Para pengawal memberi kuda kuda air untuk minum, sementara Qing Shan dan lainnya masuk ke dalam kedai mie yang terlihat sepi.
"Paman.. sepuluh mangkuk mie daging"
"Baik"
"Enam porsi berikan pada pria pria diluar"
"Baik tuan"
Setelah dirasa cukup untuk beristirahat, mereka melanjutkan perjalanan mereka kembali.
Sesampainya di kota Shenyang.
Qing Shan turun dari kudanya, mereka berhenti di depan sebuah penginapan.
Para pengawal mengurus kuda kudanya.
Setelah memesan kamar, Qing Shan dan Zhi Ruo segera beristirahat disana, sementara Liqin dan Li Liang berjalan jalan mengelilingi kota Shenyang dan tentunya ditemani oleh tiga orang pengawal.
Liqin menarik tangan Li Liang, mengajaknya untuk memancing ikan koi di stand bermain yang ada disana.
"Silahkan nona cantik... semoga beruntung" sahut lelaki paruh baya yang menjaga stand ikan tersebut.
Liqin mencoba berkali kali namun selalu saja gagal, sementara Li Liang sudah mendapat tiga ekor ikan di timba kecilnya.
Beberapa orang yang ada disana ikut melihat Li Liang yang dengan santainya memancing ikan ikan itu.
Terlihat sang pemilik stand ikan mulai khawatir karna ia akan rugi kalau Li Liang terus mendapatkan ikan ikannya.
Akhirnya timba milik Li Liang penuh dengan ikan ikan koi yang berenang berdesakan di dalamnya.
"Lihat?"
"Wah.. kakak hebat.. aku baru dapat dua hahaha"
Li Liang memberikan timba nya yang berisi banyak ikan koi kepada pemilik standbikan itu.
"Paman... ini... aku hanya membutuhkan dua koi ditangan adikku ini"
Te.. terimakasih. kalau begitu biarkan saya menaruh koi itu didalam plastik".
Liqin terus memandangi ikan koi miliknya yang ada didalam plastik berisikan air.
"Liqin.... jangan terus memandangi ikan itu... kalau ada batu didepan kau bisa terjatuh"
"Iya.. iya.."
"Pangeran Li Liang... tuan putri..." teriak seseorang di belakang.
Li Liang dan Liqin menoleh.
"Ketua ?"
"Hahaha.... sekarang bukan aku ketuanya... jadi panggil saja paman"
"Hahaha... baiklah paman De Wu.."
" Yang Mulia Raja dan Yang Mulia Ratu ada disini ?"
"Iya... ayah dan ibu sedang istirahat di penginapan depan... umm kenapa paman ada disini ?"
"Tentu saja paman kesini... seluruh suku manchu ada disini untuk menghormati hari panen"
Liqin terdiam, paman De Wu mengatakan bahwa suku Manchu semua ada disini, yang artinya Yelu juga berada disini.
Deg Deg Deg
Jantungnya berdegup kencang hanya dengan memikirkannya saja.

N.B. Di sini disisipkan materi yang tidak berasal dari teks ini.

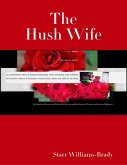 The Hush Wife (eBook, ePUB)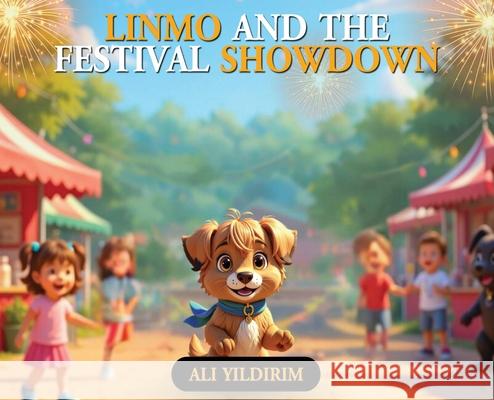 Linmo and the Festival Showdown Ali Yildirim 9781970277357 Omega IP Holding, Inc - książka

"Dimana Yelu ?" tanya Li Liang.
"Yelu... ummm ..."
Jantung Liqin semakin berdetak tak karuan, wajahnya terasa panas dan dingin menunggu jawaban dari paman De Wu.

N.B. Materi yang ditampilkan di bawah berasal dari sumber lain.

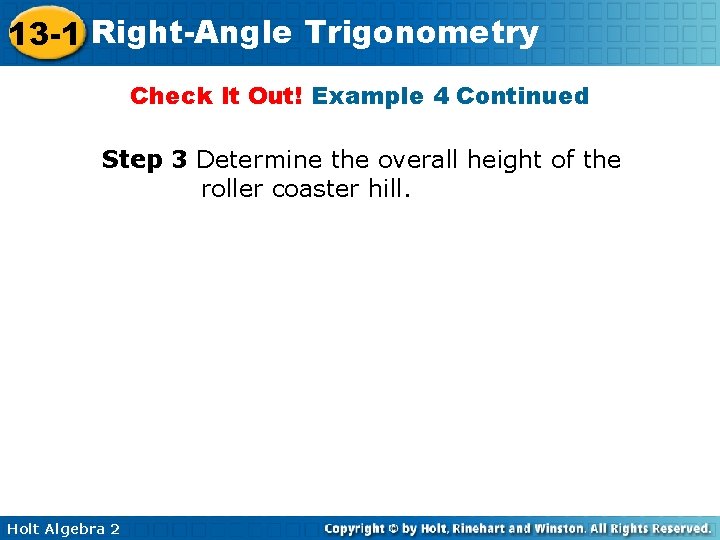 13 -1 Right-Angle Trigonometry Check It Out! Example 4 Continued Step 3 Determine the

"Yelu... ah.. itu dia ada di sana" sahut De Mu sambil menunjuk kearah dimana Yelu berada.
Liqin menoleh, ia dapat melihat Yelu sedang berdiri tertawa ria disana, namun bukan Yelu yang Liqin pandangi, melainkan seorang wanita berpakaian berwarna merah yang duduk di batu besar dengannya.
Mereka terlihat sangat akrab bahkan terlihat serasi.
Liqin menahan air matanya yang hampir saja menetes.
"Kak... aku lelah.. aku kembali ke penginapan dulu" sahut Liqin.
Belum sempat Li Liang menjawab, Liqin telah berlari pergi, kedua pengawal ikut berlari memastikan Liqin kembali ke penginapan dengan selamat.